What is needed
From the entries below, print exactly the span beginning with the line holding "Silver Pink and‎ Yellow" and ending with the line holding "Vintage Charm Cabinet", endpoints included, and skip any pictures.

---- Dataset entries

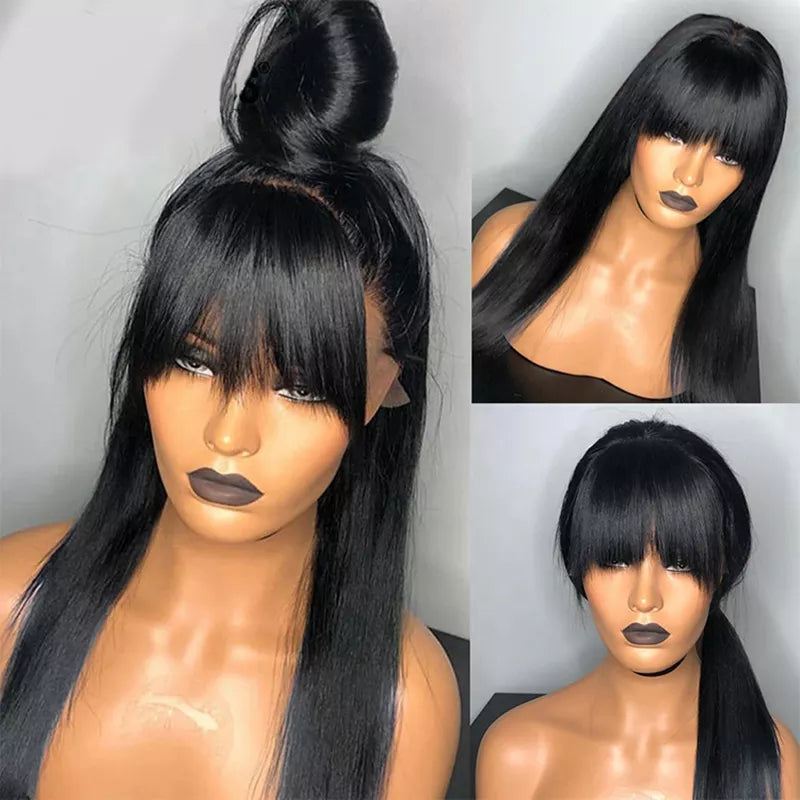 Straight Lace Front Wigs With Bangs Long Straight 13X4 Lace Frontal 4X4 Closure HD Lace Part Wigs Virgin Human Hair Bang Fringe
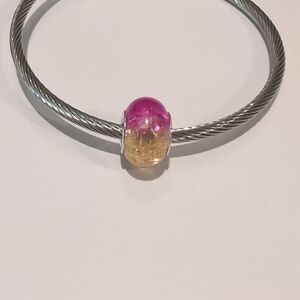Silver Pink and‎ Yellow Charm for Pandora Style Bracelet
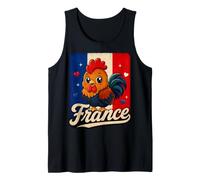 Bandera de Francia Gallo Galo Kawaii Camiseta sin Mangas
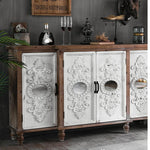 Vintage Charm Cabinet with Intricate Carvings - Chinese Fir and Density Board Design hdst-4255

--------
---- Dataset entries

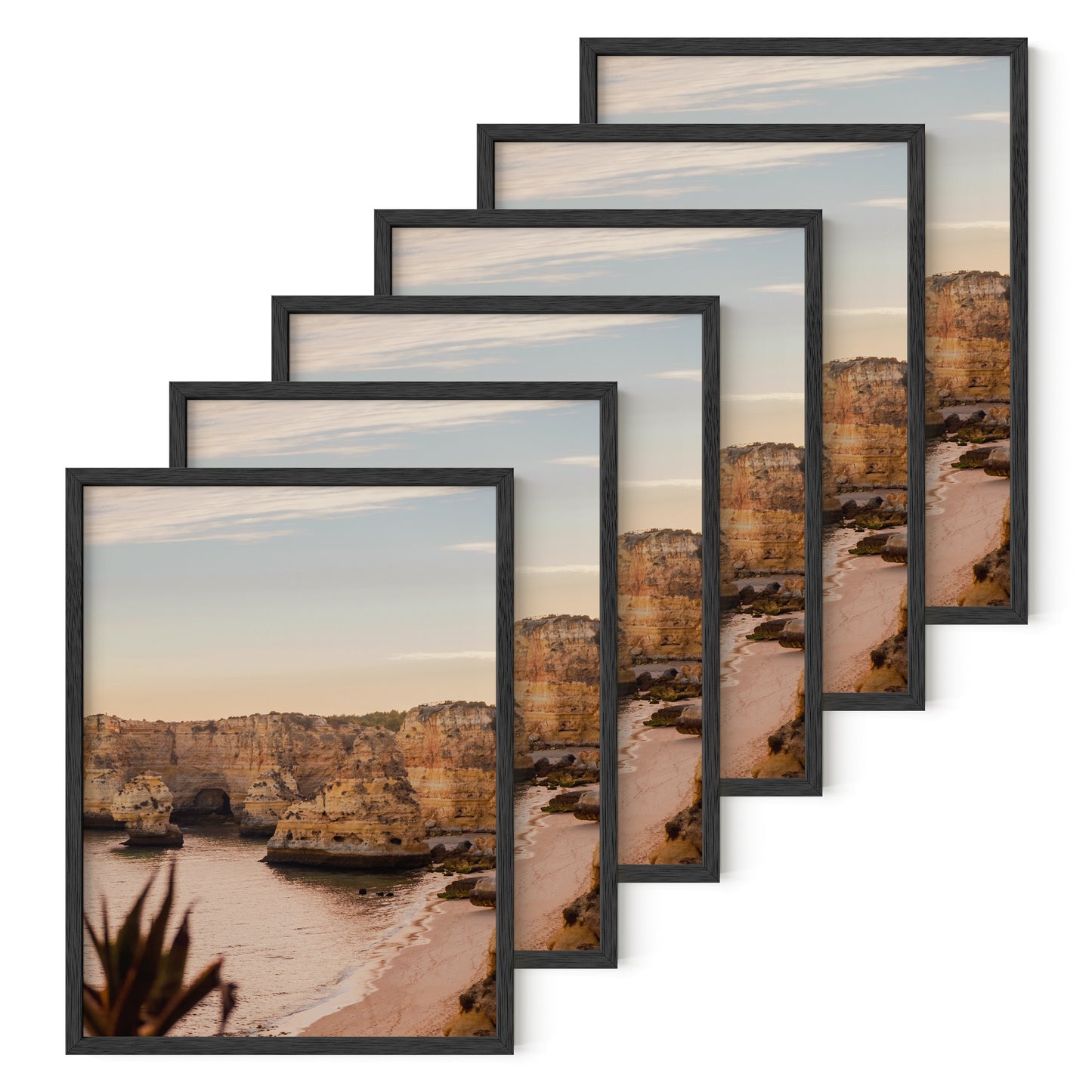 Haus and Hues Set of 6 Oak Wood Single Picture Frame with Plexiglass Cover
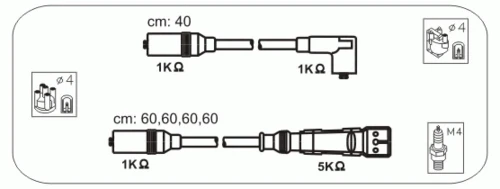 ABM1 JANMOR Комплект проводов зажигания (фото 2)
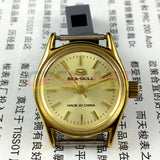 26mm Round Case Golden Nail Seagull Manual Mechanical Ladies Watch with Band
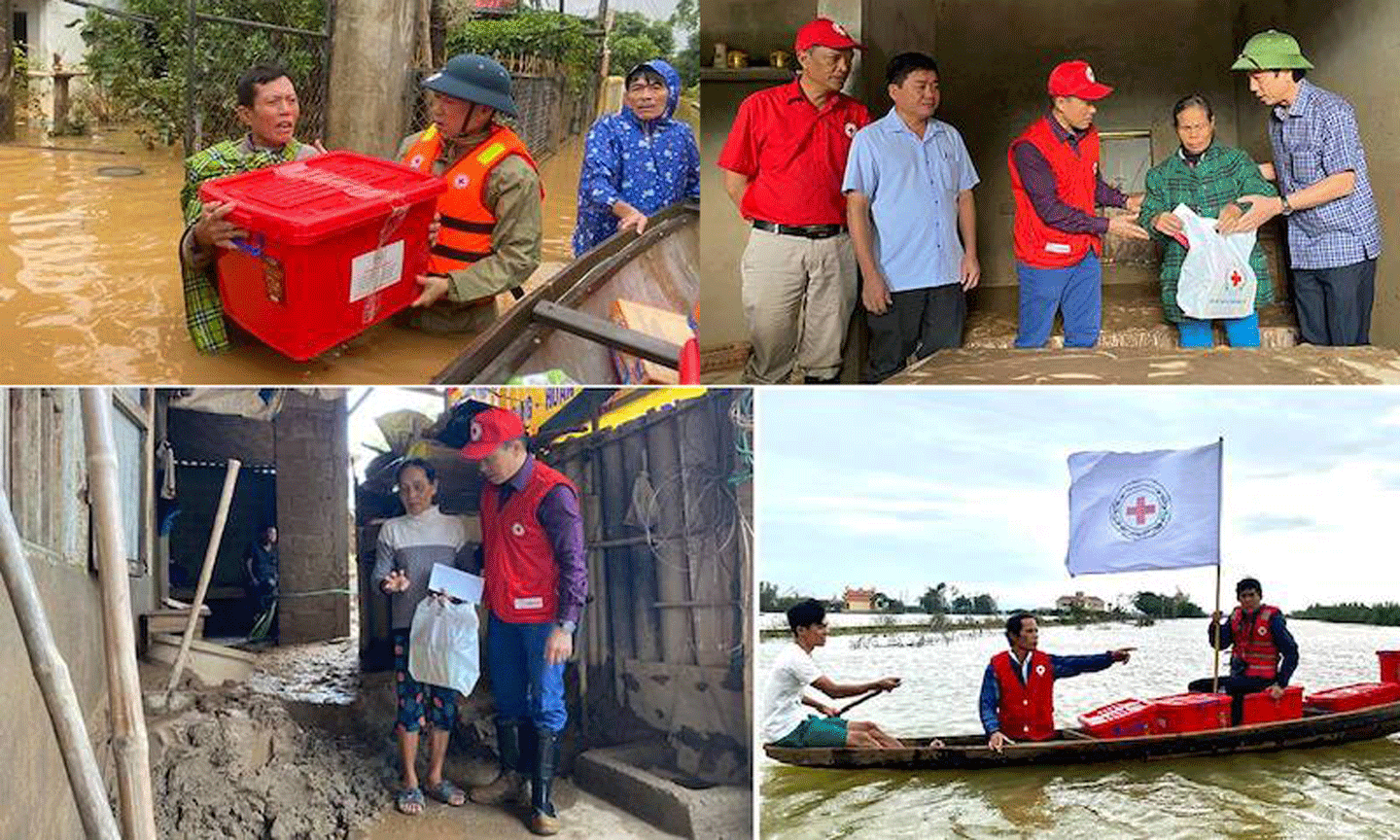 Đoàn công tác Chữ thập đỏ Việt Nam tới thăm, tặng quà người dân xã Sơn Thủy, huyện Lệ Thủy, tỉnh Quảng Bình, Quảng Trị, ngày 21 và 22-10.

--------

Exercise result
Silver Pink and‎ Yellow Charm for Pandora Style Bracelet
 Bandera de Francia Gallo Galo Kawaii Camiseta sin Mangas
 Vintage Charm Cabinet with Intricate Carvings - Chinese Fir and Density Board Design hdst-4255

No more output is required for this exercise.